I have seen a few examples recently of Internet sites that try to do this, that is, to make learning complex subjects as simple and entertaining as possible. One of these sites is the Khan Academy, a non-profit organization with the goal of “providing a free, world-class education to anyone anywhere.” The genesis of the Khan Academy arose when Sal Khan offered to help his niece with problems she was experiencing in her Grade 7 math class. After seeing her grades improve dramatically as a result of these lessons, other family and friends wanted to participate and so he decided to record the lessons and put them online. Today the Khan Academy has over 2400 online videos of primarily Kindergarten to Grade 12 science and math topics, most of which are 10 minutes or less in length. As you watch a video what you hear is the narrator explaining a concept (e.g., Introduction to heredity), while at the same time an invisible hand sketches animated diagrams and words in coloured chalk on a blackboard. The site has several features to aid learning, such as a knowledge map that suggests future topics based on how concepts build on each other. If you find one of the videos to be confusing there is a tool for taking a step backwards to the earlier concepts that are the building blocks to the topic with which you’re currently having difficulty. The system also uses badges to reward progress. See here for a Fast Company article on the Khan Academy.

Another site that uses animated videos to explain complex subjects is RSA.  Billed as “an enlightenment organisation committed to finding innovative practical solutions to today’s social challenges”, the site currently has 14 videos that address such subject topics as Changing Education Paradigms (Sir Ken Robinson), The Internet in Society – Empowering and Censoring Citizen? (Evgeny Morozov), and Language as a Window into Human Nature (Steven Pinker). Each video is approximately 10 – 15 minutes in length and takes a segment of a lecture by an innovative thinker that fully describes a complex idea. For example, the Robinson lecture is fascinating as it suggests why the educational system is currently failing children by combining information on the historical development of education with data on rates of Ritalin prescription as a proxy for ADHD diagnosis and a discussion of how we might best change the educational system to foster divergent thinking. Accompanying the lecture is a series of entertaining yet illustrative graphic cartoons.

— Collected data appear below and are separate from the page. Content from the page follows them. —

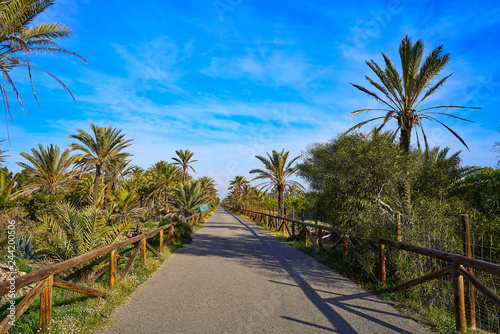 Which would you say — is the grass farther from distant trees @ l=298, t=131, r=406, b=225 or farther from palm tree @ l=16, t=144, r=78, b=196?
palm tree @ l=16, t=144, r=78, b=196

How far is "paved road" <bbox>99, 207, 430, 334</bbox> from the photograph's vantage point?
13.5ft

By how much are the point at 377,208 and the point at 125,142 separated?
62.9 feet

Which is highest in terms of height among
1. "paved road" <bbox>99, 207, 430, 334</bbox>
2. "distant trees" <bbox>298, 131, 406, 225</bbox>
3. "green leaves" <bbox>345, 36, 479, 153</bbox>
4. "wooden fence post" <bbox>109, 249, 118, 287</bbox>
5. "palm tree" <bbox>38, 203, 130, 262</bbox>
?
"green leaves" <bbox>345, 36, 479, 153</bbox>

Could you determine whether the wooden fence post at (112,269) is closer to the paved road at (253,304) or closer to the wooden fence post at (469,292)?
the paved road at (253,304)

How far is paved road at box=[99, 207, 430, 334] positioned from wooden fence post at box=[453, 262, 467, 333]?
582 mm

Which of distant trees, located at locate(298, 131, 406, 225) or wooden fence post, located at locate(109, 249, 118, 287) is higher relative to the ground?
distant trees, located at locate(298, 131, 406, 225)

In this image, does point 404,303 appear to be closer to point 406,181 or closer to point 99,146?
point 406,181

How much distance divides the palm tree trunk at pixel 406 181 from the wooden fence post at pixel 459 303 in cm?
293

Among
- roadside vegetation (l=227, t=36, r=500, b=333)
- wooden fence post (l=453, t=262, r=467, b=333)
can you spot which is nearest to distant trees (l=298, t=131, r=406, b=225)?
roadside vegetation (l=227, t=36, r=500, b=333)

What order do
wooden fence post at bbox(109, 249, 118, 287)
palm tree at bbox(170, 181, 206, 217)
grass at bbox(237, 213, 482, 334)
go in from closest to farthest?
grass at bbox(237, 213, 482, 334) < wooden fence post at bbox(109, 249, 118, 287) < palm tree at bbox(170, 181, 206, 217)

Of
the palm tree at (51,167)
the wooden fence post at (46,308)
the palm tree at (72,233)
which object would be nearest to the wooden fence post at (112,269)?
the palm tree at (72,233)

These two sites offer a good example of the potential future of education. The videos on the Khan Academy are not splashy. What they do provide are an ever-expanding syllabus of information nested into short, bite-sized, conceptual building blocks. The RSA videos combine great speakers with fascinating topics that are presented in a highly entertaining fashion. As the writer of the Fast Company article noted however, there will always be a need for a real instructor who can answer questions or help problem solve if a student is stuck in his or her understanding. There will also be a need for schools that help to teach social and communication skills, and how to learn and work collaboratively in groups.

My vision of the future is a blending of the two types of learning with concepts more easily learned online and other types of learning that can best be done in a more structured group environment. I also see sites like these as democratizing quality education and providing the tools to foster lifelong learning, which is the idea that learning shouldn’t stop when we finish formal education.

My posts over the next couple of weeks may be MIA, as I have a research grant deadline coming up on October 18th that will likely be consuming increasing amounts of my free time.